Update from 2.3 to 2.4.2 Causes individual Phase 2's to not reconnect after IKE rekey



  • First post, apologize if I don't provide enough information, but it's a weird problem.

    I have multiple virtual PFSenses in a datacenter that have IPSEC IKEv2 tunnels to different remote sites with different hardware, most notably PFSense, SonicWALL, and Fortigate. Ever since we updated the datacenter PFSenses to 2.4.3, using the same config as 2.3, we're having sporadic issues where a P2 won't come back after a rekey. When I say "a P2" I mean exactly that, in some of the tunnels I have 5 P2's and there will be exactly one problem one in the set, and it's always the same one. In other tunnels I only have 1 P2, and it happens to that one.

    This issues doe not present itself on the PFSense->PFSense IPSEC tunnels, only the PFSense->Other Vendor tunnels.

    When you look at the status, the traffic appears to be all one way, and you can't ping or access resources across the tunnel. Simply disconnecting the P2 from either side of the tunnel fixes it immediately.

    It is sporadic, in that I can go days of 8 hour rekeys without a single problem, then have one day where the problem P2 has to be manually disconnected all 3 times it rekeys that day. I had the problem occur today on a tunnel that had not presented the problem any time in the last 3 weeks or so, while another tunnel on that same PFSense is my #1 problem issue.

    In our standard remote site config, the P1 and the P2 have the same lifetime of 8 hours. Again, never had a problem before now. On the one tunnel on the one PFsense that is the most problematic, I have changed the P1 to a 24 hour lifetime, and changed the P2's to 8 hours and ~3 minutes to minimize the odds of simultaneous processing. Didn't make any difference. Still just sporadically happens.

    I've crawled the forum and Google looking for this problem, and there are some things that seem similar, but so far, nothing has helped. Any of the PFSenses that I still have on 2.3 are not experiencing this issue, only 2.4+ and I'm now nervous about upgrading any of my other ones.

    If there are any log or config entries that would help, please let me know and I can provide them. I'm just looking for some guidance because I'm pulling my hair out on this one.



  • This is my frequent flier.

    0_1528821757542_8f21f0b2-f863-41c4-9620-8a1481daac2c-image.png

    There are 4 identical P2's with the below config, but only one of them goes down. It's connected to a SonicWALL on the other side, and SonicWALL doesn't allow for separate P2 settings. Again, ran solidly for over a year on 2.3 with no config changes.

    0_1528821872253_30e2c460-7c25-4424-8c1b-4ee8364e524a-image.png



  • Were you able to resolve this problem? I am having what seems to be the same problem.

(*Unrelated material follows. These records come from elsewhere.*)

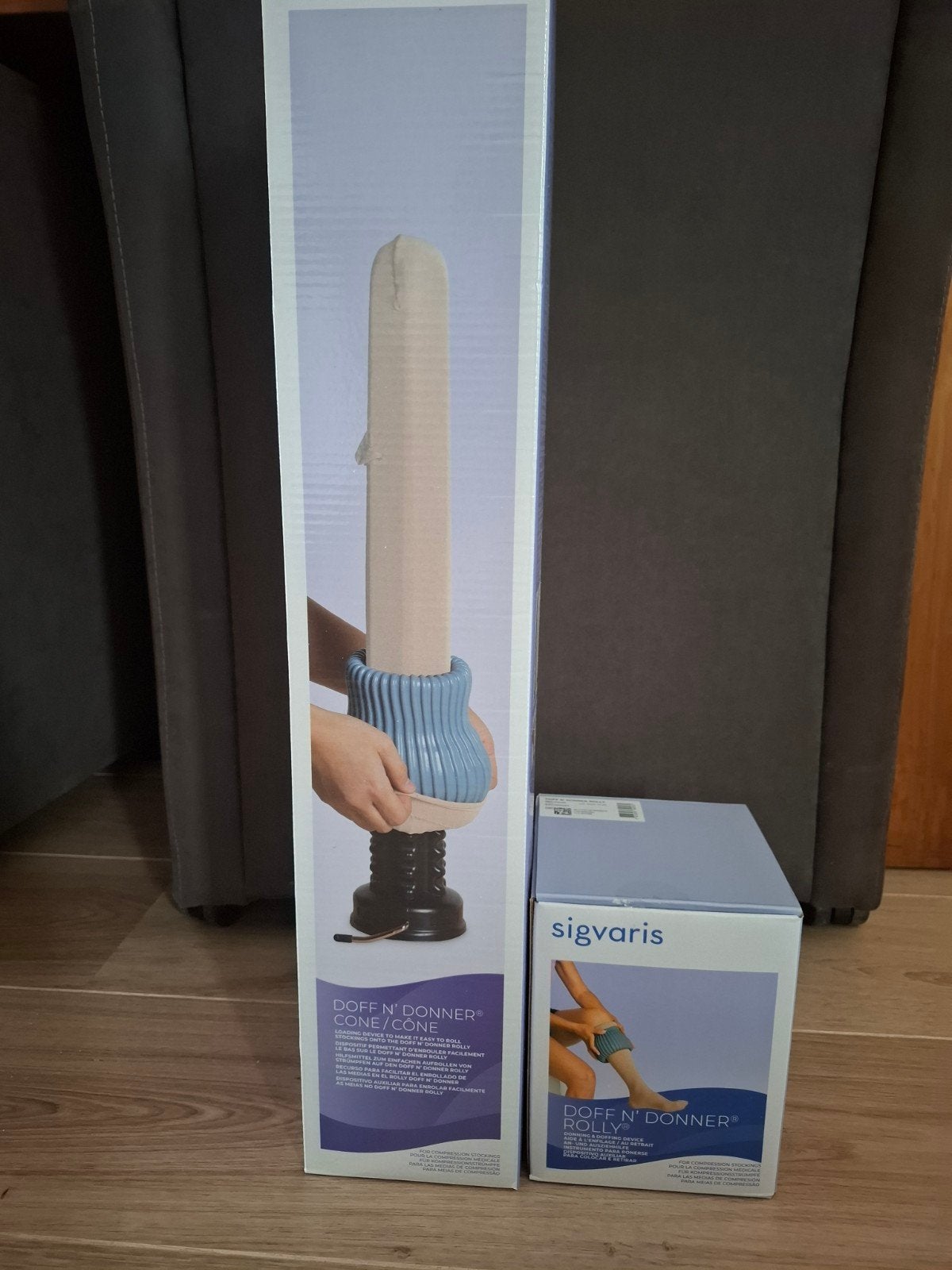 Sigvaris hulpmiddel voor aantrekken van steunkousen, Ophalen, Zo goed als nieuw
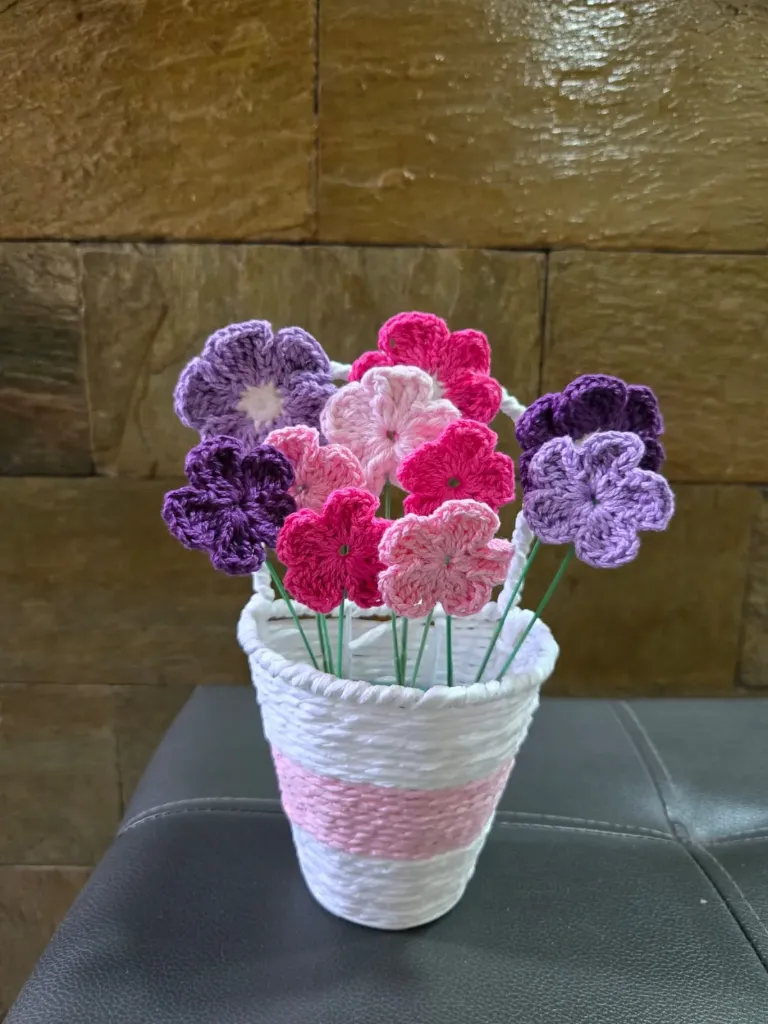 10 Flowers ( without vase)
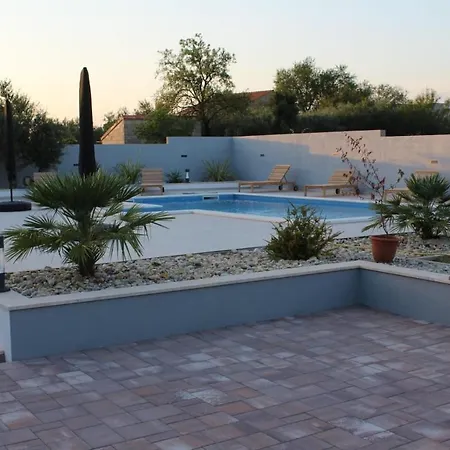 Villa Jela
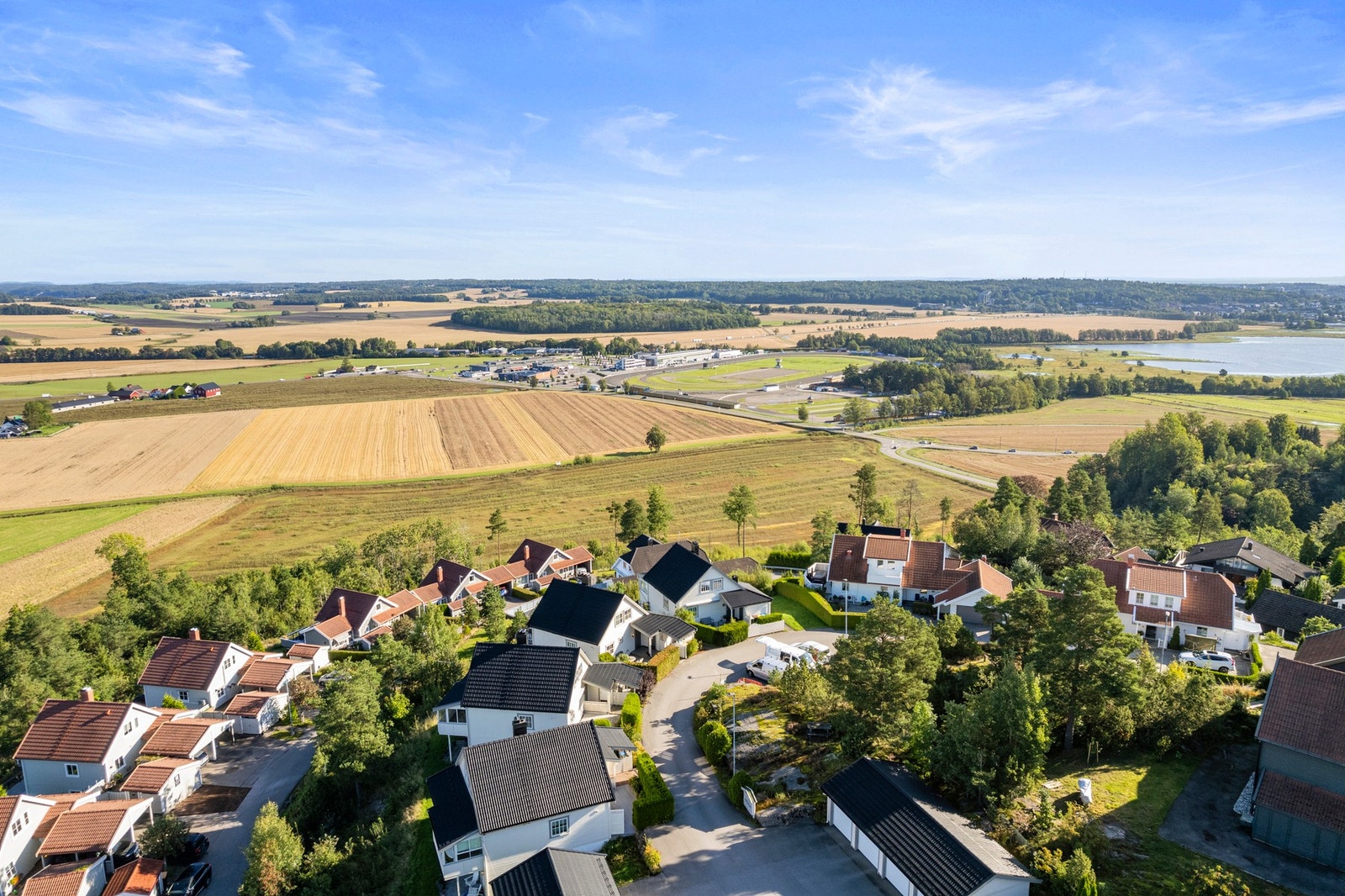 Dette er virkelig en bolig for dge som ønsker å bo rolige omgivelser i nærhet til både flotte turområder og sentrum med butikker, restauranter og alt av servicetilbud. Galleribilde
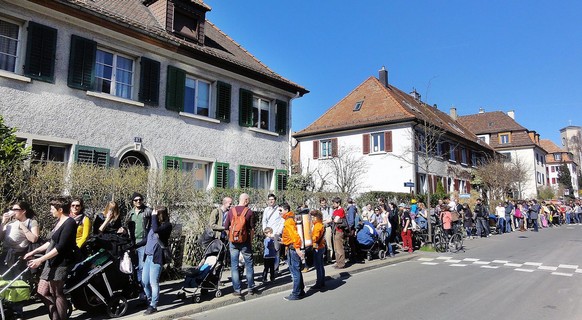 Wohnungssuchende stehen Schlange vor einer Liegenschaft in Zuerich, am Montag, 17. Maerz 2014. (KEYSTONE/Walter Bieri)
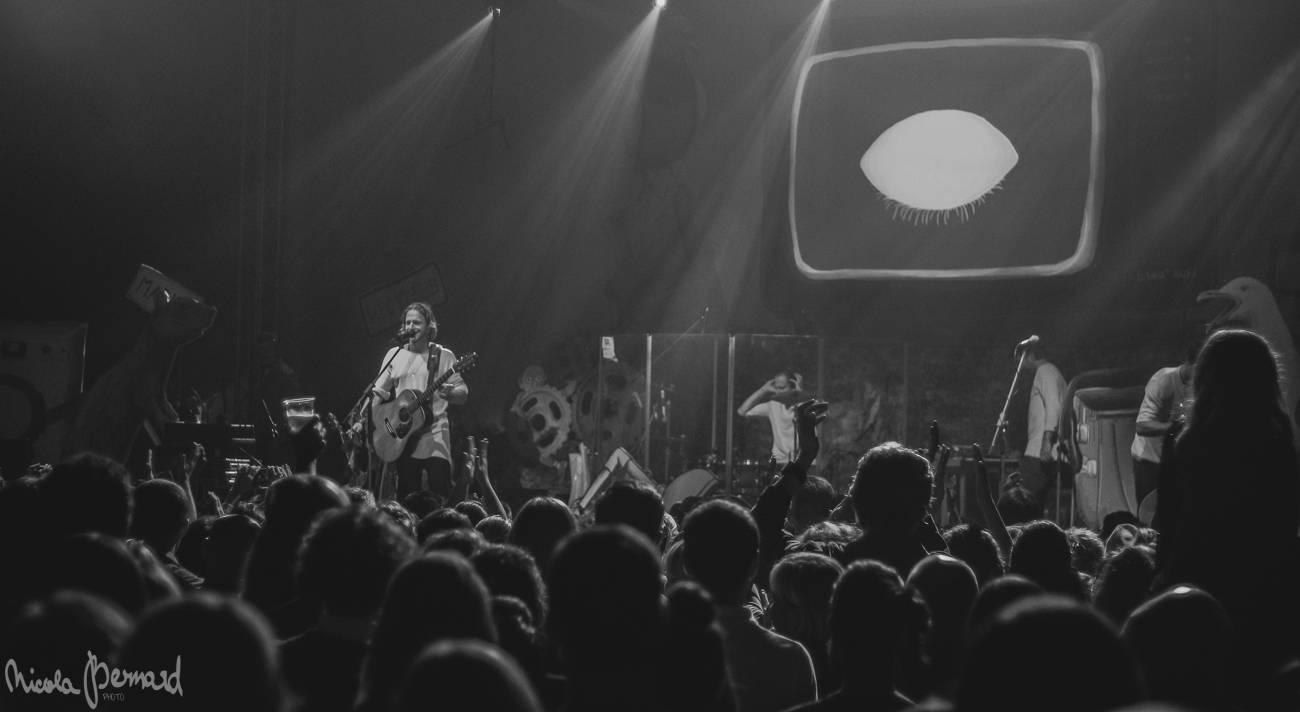 Tomáš Klus v Liberci energicky zpíval, skákal, hovoril po slovensky a vtipkoval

  • Nope. No resolution. So far, the best we’ve been able to do is change the P1 and P2 rekeys to 24 hours, try to keep them going during the day, and have a quick VPN setup on the Oncall person’s phone so they can disconnect the P1 real quick as soon as the alert comes in that the site is unreachable. Not a solution at all, and it’s driving me nuts while I’m Oncall. I guess this is what we get for using Community-based software and not paying for software support from Netgate...



  • Same here. I'm on version 2.4.3 and have an IPSEC VPN with 6 P2 with rekey lifetime of 1 hour and a P1 with rekey lifetime in 8 hours. I've noticed that even with P1 up, all hosts behind P2 network is offline. So I have to manually go to Status > IPSEC to disconnect and reconnect the P1 tunnel.

    When this rekey occurs without monitoring, I've noticed that the tunnel is down for about 5-10 minutes and reconnects again. My other peer is a Checkpoint vendor. Any idea to keep all sessions behind a P2 tunnel?

    Thanks



  • I upgraded to 2.4.3 just before you posted this response. I'm still having the problem. I did find a similar thread. here



  • I've definitely had that particular issue before. In this case now though, the Old P2's aren't hanging around. There's still only 1 P2, and that one only takes traffic one-way. It's really odd.



  • Does anyone have the same issue with Pfsense in both sides?



  • guys are you experiencing a similar issue to this that I am having?

    https://forum.netgate.com/topic/132900/ipsec-phase-2-duplicate-causes-vpn-tunnel-to-get-stuck



  • leo.f - I haven't had the problem with any of my setups that have PFSense on both sides. Currently I have about a dozen sites that have IPSEC from PFSense to PFSense, and we've never seen the problem on any of those links.

    Harow - I absolutely have seen that issue more than once, but so far, it hasn't actually impacted functioning. It just displays with tons of P2's but the primary P2 still functions fine. I always considered it a cosmetic GUI glitch.



  • @dkase279 mine prevents the tunnel from working as client machines can not ping through to my main site via the VPN. I'm going to log a call with Netgate if possible as it's preventing service. I also might put logs on here once it happens again.